The language is beautiful – Martin Malone is gifted at fashioning beautiful imagery and the prose in this book zings with life. Some of his turns of phrase aroused my professional jealousy, I must admit. The story speeds up towards the end with many of the main characters taking decisions that will alter their lives forever and there are some neat twists and surprises that prove satisfying. All in all, a harsh story, beautifully told that will prove rewarding for the lover of quality literary fiction.

11 comments:

Kar said...

You've sold both of them to me. I LOVE when a reliable source recommends great fiction. Roll on the hoildays, cosy by the fire, sipping tea and reading and reading and reading, thanks Nu x

WOMEN RULE WRITER said...

You are most welcome, Kar. Sipping tea!?! I'd wager it'll be wine or prosecco or some such ;)

Jeanne Iris said...

I see dark chocolate, a glass or two of wine, a crackling fire and at least one of these books in my future. Thanks for this, Nuala!

WOMEN RULE WRITER said...

You are speaking my language, Jeanne - dark choc, wine, books...mmmmmmmmm. Perfection.

mooncountry said...

Thanks for the Rachel Trezise tip, that sounds like just the kind of book I will enjoy, I ordered "Fresh Apples" too since I am on a short story binge.
The best book I read in 2010 was "One Day" by David Nicholls, even thinking about it makes me tingle.

niamhboyce said...

Thanks for recommending these, esp Martine Malones book - it got past me completely - I've a thing for the curragh wrens...(The poet Ann Egan has written wonderfully about them as well)...so look forward to reading this one. Happy Christmas!

WOMEN RULE WRITER said...

Aidan - you will enjoy, Rachel's work - guaranteed.
Thanks for the David Nicholls tip - I'll look out for it.

WOMEN RULE WRITER said...

Niamh - Martin's book is not long out. I wrote a poem about the Wrens years ago. I think it's in my first collection, not sure, can't remember, and I'm too lazy to go and look :)
Rose Doyle wrote a novel about them years ago too, 'Friends Indeed', but I haven't read it.

Titus said...

Particularly like the sound of the Malone; shall pursue, thanks!

Anna May said...

Hi Nuala, and I wish you a Happy Christmas and a terrific 2011.

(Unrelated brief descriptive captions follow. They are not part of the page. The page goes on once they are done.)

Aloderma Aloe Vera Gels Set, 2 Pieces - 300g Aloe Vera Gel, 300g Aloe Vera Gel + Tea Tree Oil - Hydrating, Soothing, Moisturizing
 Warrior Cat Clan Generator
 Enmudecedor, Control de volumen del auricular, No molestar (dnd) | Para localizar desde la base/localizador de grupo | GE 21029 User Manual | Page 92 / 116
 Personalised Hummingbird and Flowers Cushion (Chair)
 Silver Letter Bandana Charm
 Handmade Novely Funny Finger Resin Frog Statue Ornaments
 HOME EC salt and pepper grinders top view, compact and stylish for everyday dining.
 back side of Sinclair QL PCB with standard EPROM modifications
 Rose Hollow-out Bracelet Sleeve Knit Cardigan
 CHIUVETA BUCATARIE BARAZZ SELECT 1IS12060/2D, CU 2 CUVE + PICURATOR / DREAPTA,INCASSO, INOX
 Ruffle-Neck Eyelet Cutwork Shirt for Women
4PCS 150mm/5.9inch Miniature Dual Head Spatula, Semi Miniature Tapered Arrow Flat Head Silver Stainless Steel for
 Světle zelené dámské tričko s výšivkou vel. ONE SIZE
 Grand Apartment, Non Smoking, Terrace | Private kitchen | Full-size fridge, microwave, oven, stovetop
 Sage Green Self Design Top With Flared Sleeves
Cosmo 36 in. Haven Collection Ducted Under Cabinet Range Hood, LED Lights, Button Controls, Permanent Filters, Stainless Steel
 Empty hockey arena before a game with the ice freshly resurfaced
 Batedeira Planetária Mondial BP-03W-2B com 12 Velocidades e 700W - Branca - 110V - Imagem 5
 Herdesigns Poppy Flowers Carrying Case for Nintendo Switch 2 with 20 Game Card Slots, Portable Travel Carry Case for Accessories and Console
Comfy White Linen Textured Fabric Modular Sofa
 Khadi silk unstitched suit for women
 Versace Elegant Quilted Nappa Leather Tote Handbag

My best reads of 2010 were 'One Day' (David Nicholls)and 'On the Other Hand' (Chris Cleave)and my favourite re-reads were 'My Brilliant Career' (Miles Franklin)and 'Ethan Frome'(Edith Wharton).
That's the thing about good books. They endure.

Anna May x

Rachel Fenton said...

Ah, to "arouse professional jealousy" - must read these!

Happy Merry holidays! Good luck with the novel writing there - psyching myself up for another ride of that beastie in the New Year! Need to find new ways of falling anyhow! Chuck your homeless choccies my way please - always hungry!